What follows are excerpts from the report, which was launched at the Food and Agriculture Organization of the United Nations (FAO) on 1 Jul 2016, in Rome. ILRI Director General Jimmy Smith, who the day before gave a keynote presentation at a Partnerships Forum on Livestock at the Rome-based International Fund for Agricultural Development (IFAD), attended the FAO launch of the report on the role of livestock in sustainable agricultural development.
This report focuses on the livestock sector because it is:
a powerful engine for the development of the agriculture and food sector
a driver of major economic, social and environmental changes in food systems worldwide
a uniquely powerful entry point for understanding the issues around sustainable agricultural development as a whole
Livestock production is central to food systems’ development and is a particularly dynamic and complex agricultural subsector, with implications for animal-feed demand, for market concentration in agricultural supply chains, for the intensification of production at the farm level, for farm income, land use, and for nutrition and health. Livestock has often set the speed of change in agriculture in recent decades.

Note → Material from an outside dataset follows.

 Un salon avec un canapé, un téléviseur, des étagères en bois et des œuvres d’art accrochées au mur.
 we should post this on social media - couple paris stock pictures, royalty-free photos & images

Livestock is strongly linked to the feed crop sector, generates co-products including manure and draught power, and in many countries acts as a store of wealth and a safety net. It is integral to the traditional practices, values and landscapes of many communities across the world. Livestock has significant effects on the environment, both positive and negative, particularly when indirect land-use changes and feed crop production effects are taken into account. . . .

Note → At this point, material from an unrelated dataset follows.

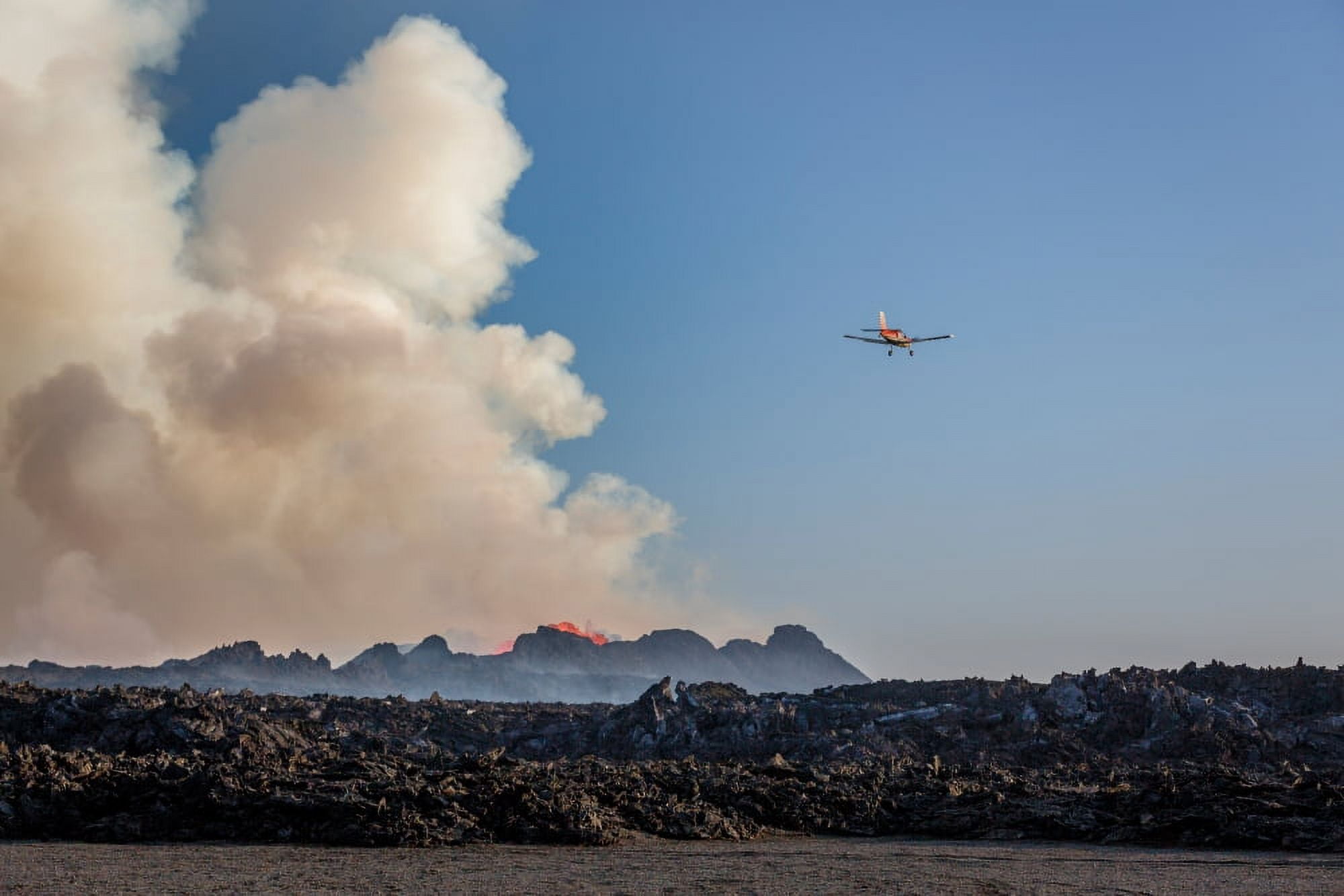 Small airplane flying by the Volcano Eruption at the Holuhraun Fissure Bardarbunga Volcano Iceland Canvas Art - Panoramic Images (27 x 9)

The report offers policy-makers and other stakeholders a framework to design and implement feasible options of sustainability pathways for agricultural development. It will hopefully contribute to sustainable food systems and to food security and nutrition for all, and more broadly to the 2030 Agenda, now and in the future. . . .
As reflected in its title, this report is focused on livestock because of the importance and complexity of its roles and contribution to sustainable agricultural development for food security and nutrition. . . .

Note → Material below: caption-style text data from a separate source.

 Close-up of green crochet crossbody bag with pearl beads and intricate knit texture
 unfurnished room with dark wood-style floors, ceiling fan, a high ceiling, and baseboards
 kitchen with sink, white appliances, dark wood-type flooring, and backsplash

‘Livestock has often set the speed of change in agriculture in recent decades. Livestock is the largest user of land resources; permanent meadows and pastures represent 26 percent of global land area and feed crops account for one-third of global arable land. Livestock is strongly linked to the feed crop sector, generates co-products including manure and draught power, and in many economies acts as a store of wealth and a safety net. It is integral to the cultural identity, traditional practices, values and landscapes of many communities across the world. Livestock has profound effects on the environment, particularly when indirect land-use changes and feed crop production effects are taken into account.
‘Livestock production takes place in a wide range of farming systems: extensive (e.g. grazing in the case of ruminant livestock or foraging in the case of poultry and pigs); intensive (in which thousands of animals are fed with concentrated feed rations in confined facilities); and in the many intermediate systems that exist between the two. . . . [T]o value and address this diversity of farming systems and their distinct challenges, the report considers four broad classes of livestock rearing: smallholder mixed farming; pastoral; commercial grazing; and intensive livestock systems. . . .
‘While food security concerns historically focused on total calorie intake, today they encompass the so-called “triple burden” of malnutrition: hunger (deficiencies in dietary energy intake), estimated by FAO to affect some 792 million people worldwide; micronutrient deficiencies (such as iron, vitamin A, iodine and zinc), which, according WHO, affect some two billion people; and increasing overnutrition that now affects more people than hunger does. In 2014, WHO estimated more than 1.9 billion (39 percent) adults, aged 18 years and over, were overweight, of which over 600 million (13 percent) were obese. The relationships between food systems and nutrition will be explored in depth in a forthcoming HLPE report (2017).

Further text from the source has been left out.